La littérature où la raison tend à dominer, s’oriente vers l’universel : elle reconnaît pour son objet ce dont chacun trouve en soi, la vérité et l’usage ; rien ne lui sera plus propre que la vie humaine, que les faits moraux, les forces et les freins que met en jeu dans l’âme l’existence de chaque jour. Le technique tend donc à être rejeté hors de la littérature, qui aura pour objets principaux la peinture des mœurs et la règle des mœurs ; l’une appartiendra surtout à la poésie, et, par l’autre, la philosophie et la théologie resteront des genres littéraires.

Sous la pression des tristesses morales de cette époque troublée, une sorte de stoïcisme chrétien s’élabore dans les âmes qui ont besoin de faire provision d’énergie. Montaigne ne put suffire qu’à ceux qui vivaient comme lui retirés en leur château, sans action et sans responsabilité. On conçut qu’il fallait donner une autorité supérieure et un fondement rationnel à la règle des mœurs, et l’on résolut encore ce problème par la superposition du christianisme à la sagesse humaine des anciens. Le désordre des mœurs, la difficulté des temps font embrasser ce que la Bible et l’antiquité ont de plus fort et de plus austère dans leurs doctrines morales. Du Plessis-Mornay [1], d’Urfé [2], etc., paraphrasent Sénèque que Malherbe traduira ; Du Vair traduit Épictète, en même temps qu’il médite Job et Isaïe. Le tendre François de Sales, sous l’aménité fleurie de ses discours, arme la volonté, et lui donne tout, pour lui tout demander. Dans ce réveil de l’énergie morale se préparent et la théorie cartésienne de la volonté et la théorie cornélienne de l’héroïsme : et là se trouve l’explication de la faveur que rencontrera le jansénisme, cette forme forte du catholicisme.

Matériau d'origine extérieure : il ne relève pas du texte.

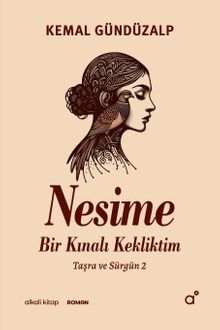 Nesime  Bir Kınalı Kekliktim - Kemal Gündüzalp PDF İndir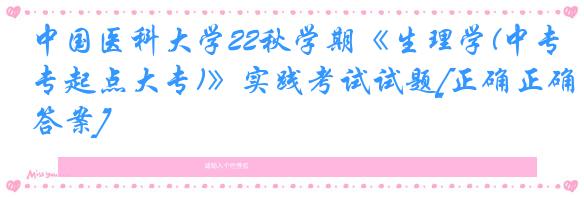 中国医科大学22秋学期《生理学(中专起点大专)》实践考试试题[正确正确答案]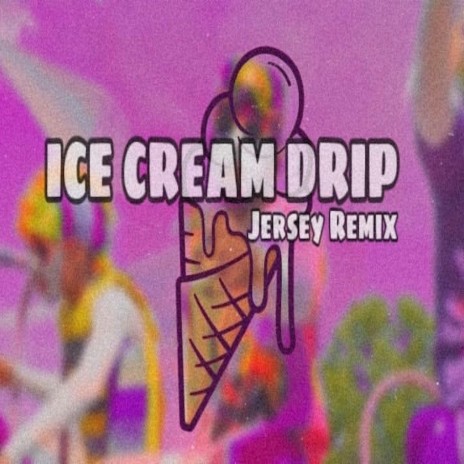 Ice Cream Drip (Jersey Remix) | Boomplay Music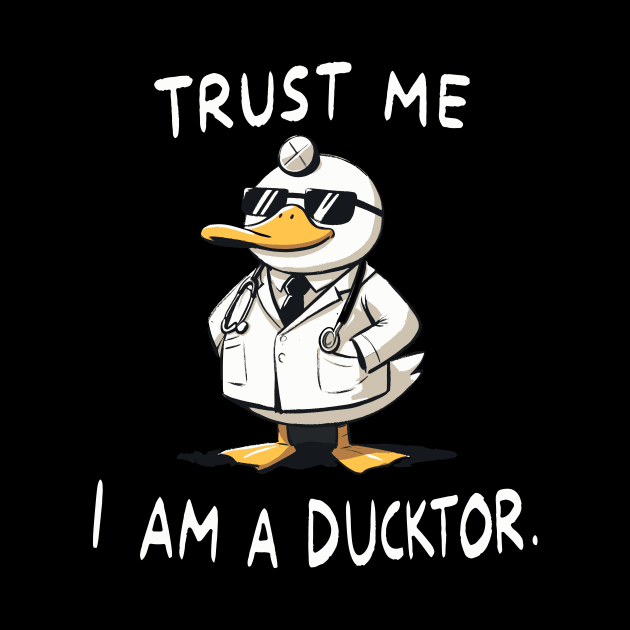 Trust me I am a Ducktor Medical Duck by DoodleDashDesigns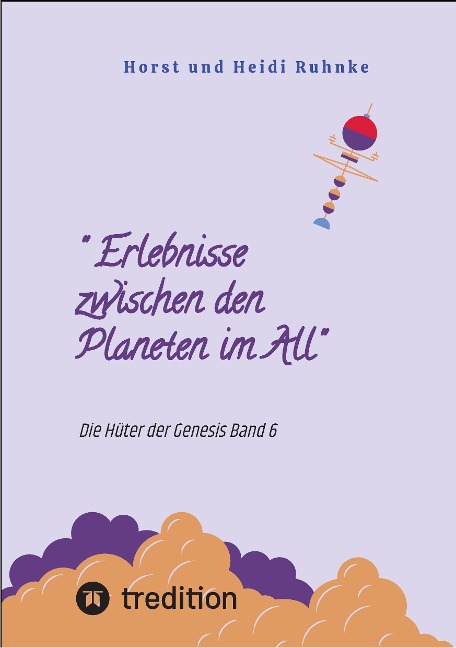 " Erlebnisse zwischen den Planeten im All" - Horst und Heidi Ruhnke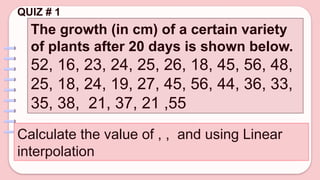 QUIZ # 1
The growth (in cm) of a certain variety
of plants after 20 days is shown below.
52, 16, 23, 24, 25, 26, 18, 45, 56, 48,
25, 18, 24, 19, 27, 45, 56, 44, 36, 33,
35, 38, 21, 37, 21 ,55
Calculate the value of , , and using Linear
interpolation
 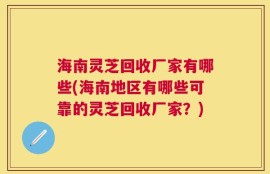 海南灵芝回收厂家有哪些(海南地区有哪些可靠的灵芝回收厂家？)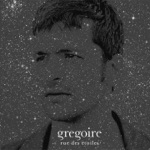 Grégoire - Rue des étoiles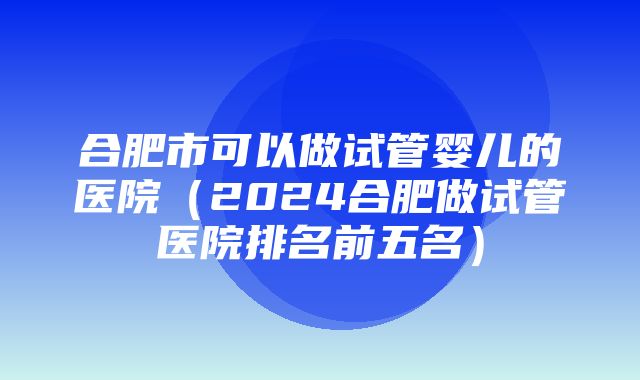 合肥市可以做试管婴儿的医院（2024合肥做试管医院排名前五名）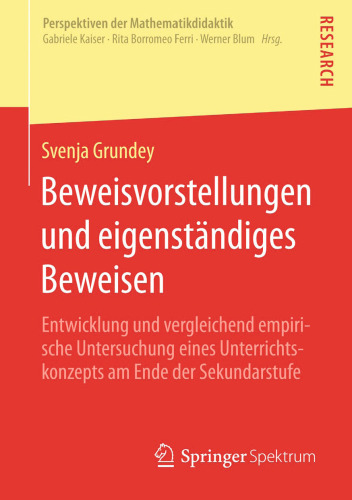 Beweisvorstellungen und eigenständiges Beweisen: Entwicklung und vergleichend empirische Untersuchung eines Unterrichtskonzepts am Ende der Sekundarstufe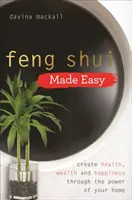 Feng Shui Made Easy - Creează sănătate, bogăție și fericire prin puterea casei tale - Feng Shui Made Easy - Create Health, Wealth and Happiness through the Power of Your Home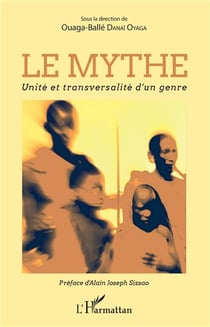 Le mythe - unité et transversalité d'un genre
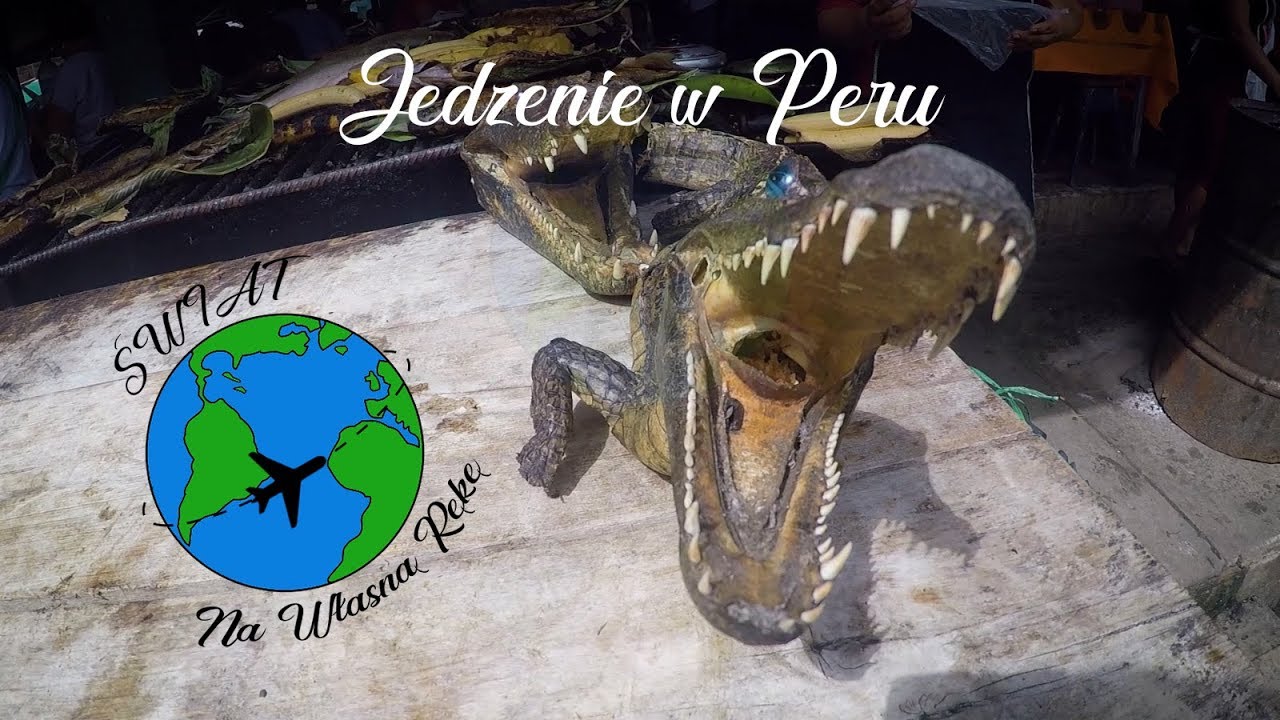 #3 Peru - Jedzenie w Peru - ŚWIAT Na Własną Rękę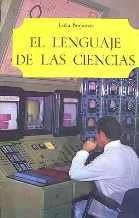 EL LENGUAJE DE LAS CIENCIAS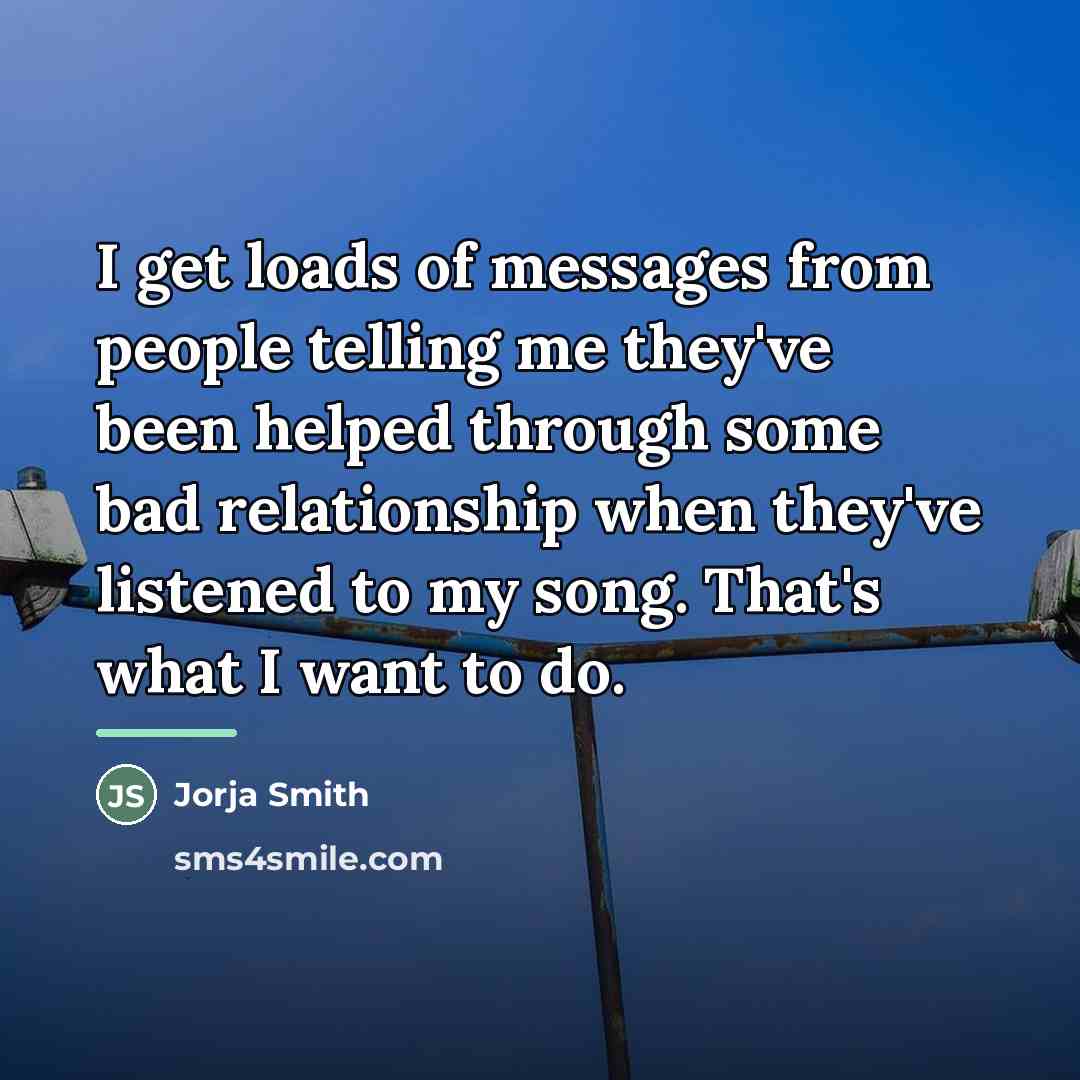 “I get loads of messages from people telling me they've…” quote by Jorja Smith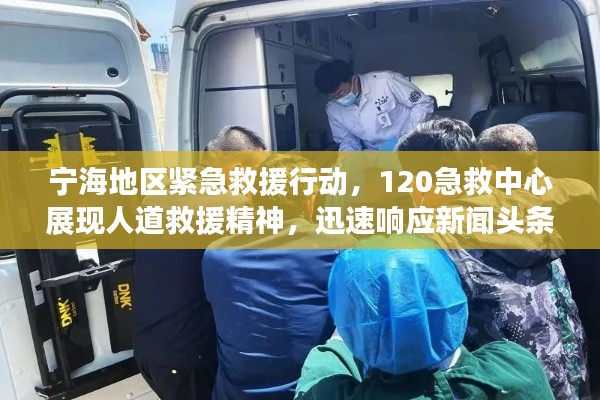 宁海地区紧急救援行动，120急救中心展现人道救援精神，迅速响应新闻头条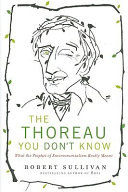 The Thoreau you don't know : what the prophet of environmentalism really meant /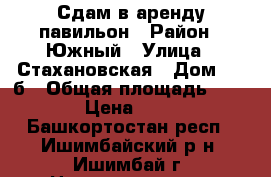 Сдам в аренду павильон › Район ­ Южный › Улица ­ Стахановская › Дом ­ 27б › Общая площадь ­ 180 › Цена ­ 400 - Башкортостан респ., Ишимбайский р-н, Ишимбай г. Недвижимость » Помещения аренда   . Башкортостан респ.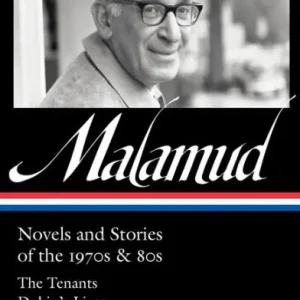Bernard Malamud: Novels and Stories of the 1970s & 80s (LOA #367): The Tenants / Dubin's Lives / God's Grace / Stories & Other Writings One Day Deal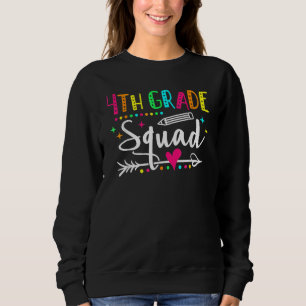 Fourth Grade Squad Back To School 4th Grade Teache Sweatshirt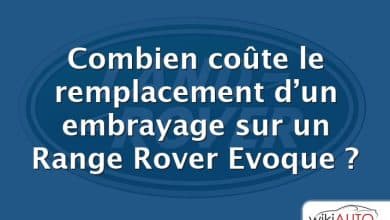 Combien coûte le remplacement d’un embrayage sur un Range Rover Evoque ?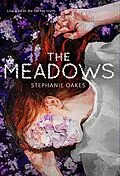 E-Book (epub) The Meadows von Stephanie Oakes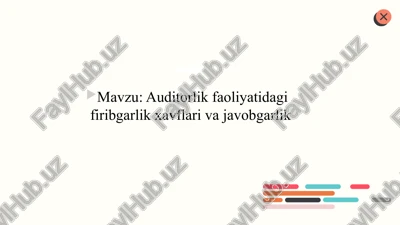 auditorlik faoliyatidagi firibgarlik xavflari va javobgarlik — PPTX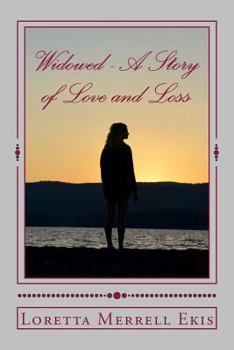 Paperback Widowed - A Story of Love and Loss: A Memoir Book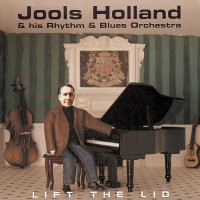 Purchase Jools Holland & His Rhythm & Blues Orchestra - Lift The Lid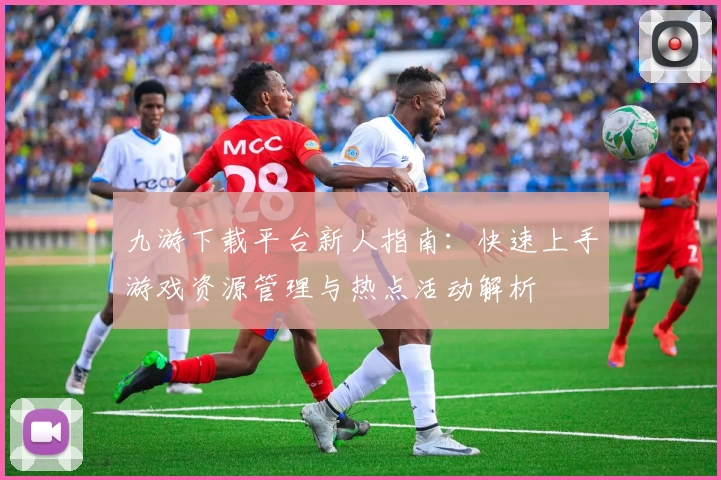 九游下载平台新人指南：快速上手游戏资源管理与热点活动解析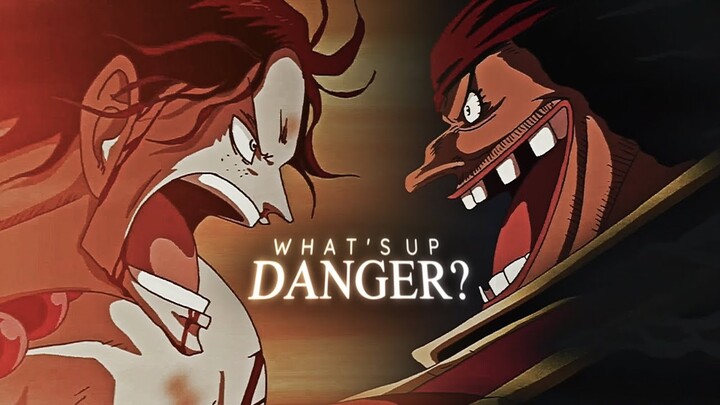 [One Piece AMV] - WHAT'S UP DANGER? | 50k+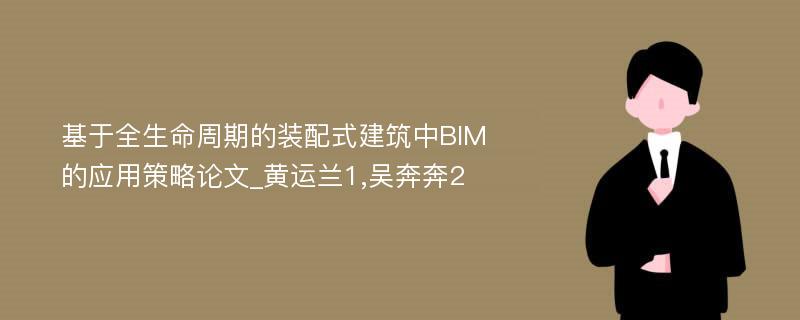 基于全生命周期的装配式建筑中BIM的应用策略论文_黄运兰1,吴奔奔2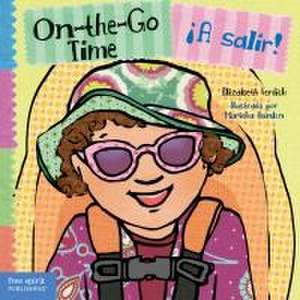 On-The-Go Time / ¡A Salir! de Elizabeth Verdick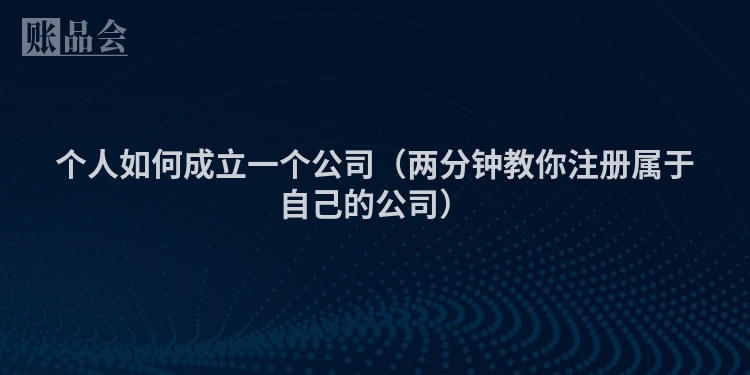 个人如何成立一个公司（两分钟教你注册属于自己的公司）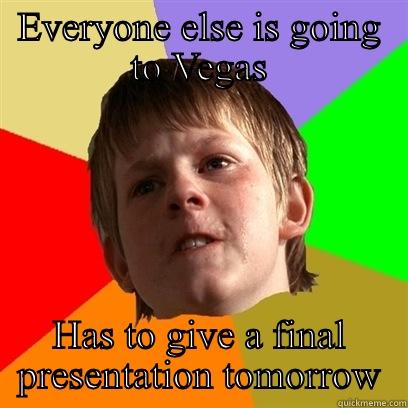 EVERYONE ELSE IS GOING TO VEGAS HAS TO GIVE A FINAL PRESENTATION TOMORROW Angry School Boy
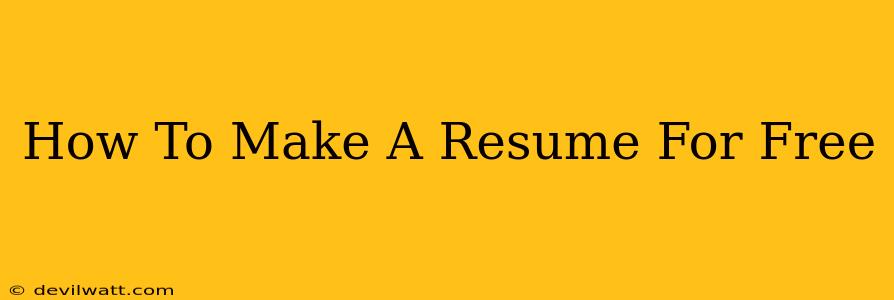 How To Make A Resume For Free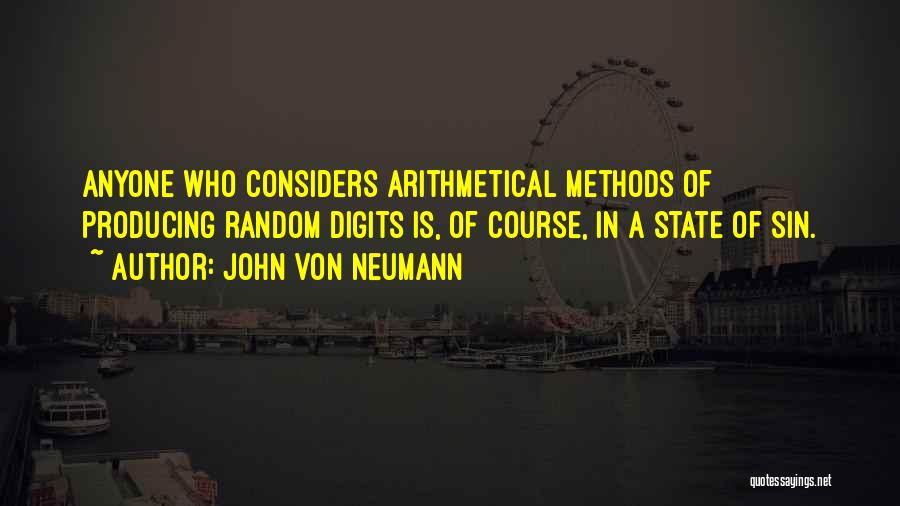 Davaris Johnson Quotes By John Von Neumann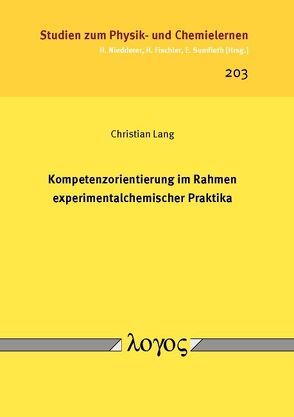 Kompetenzorientierung im Rahmen experimentalchemischer Praktika von Lang,  Christian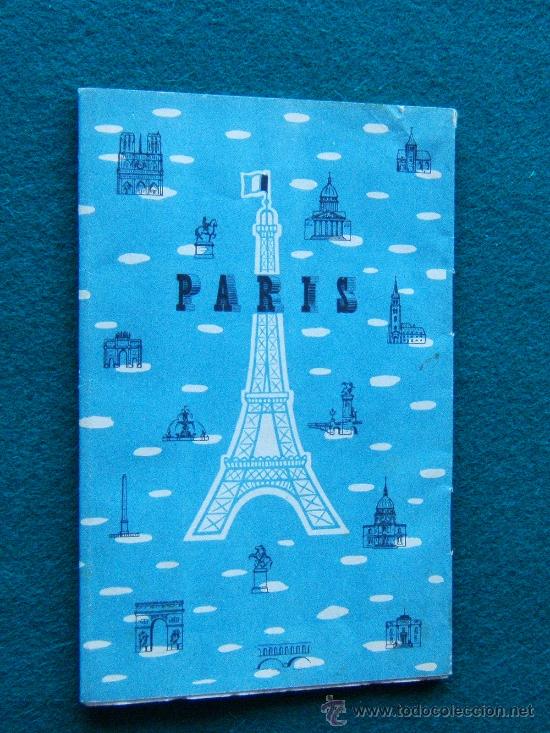 Zeitgen&ouml;ssische Karten: PARIS. LO QUE DEBE UD. SABER AL LLEGAR A PARIS - PLANO DE 31x40 CM. - OTROS PLANOS PLEGADOS - 1950 ?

Après le grand effort de la Pléiade pour créer de toutes pièces une littérature artistique, nous constatons sous le règne de Henri IV un retour au naturel. Mais ce n’est pas le naturel de Marot : à force de s’étirer, l’esprit français a grandi ; à force de se guinder, il s’est haussé. Les écrivains s’abandonnent et savourent le plaisir de ne pas se contraindre : de là cette composition un peu lâche, cette abondance diffuse, cet écoulement paisible de pensées, cette largeur étale du style fluide et lent. Régnier, si vif, si ardent, est aussi désordonné et prolixe que les autres. Il y a dans presque toutes les

  1. Dans ses Discours de la vie et de la mort (1575).
  2. Dans ses Épitres morales, écrites en prison (1595).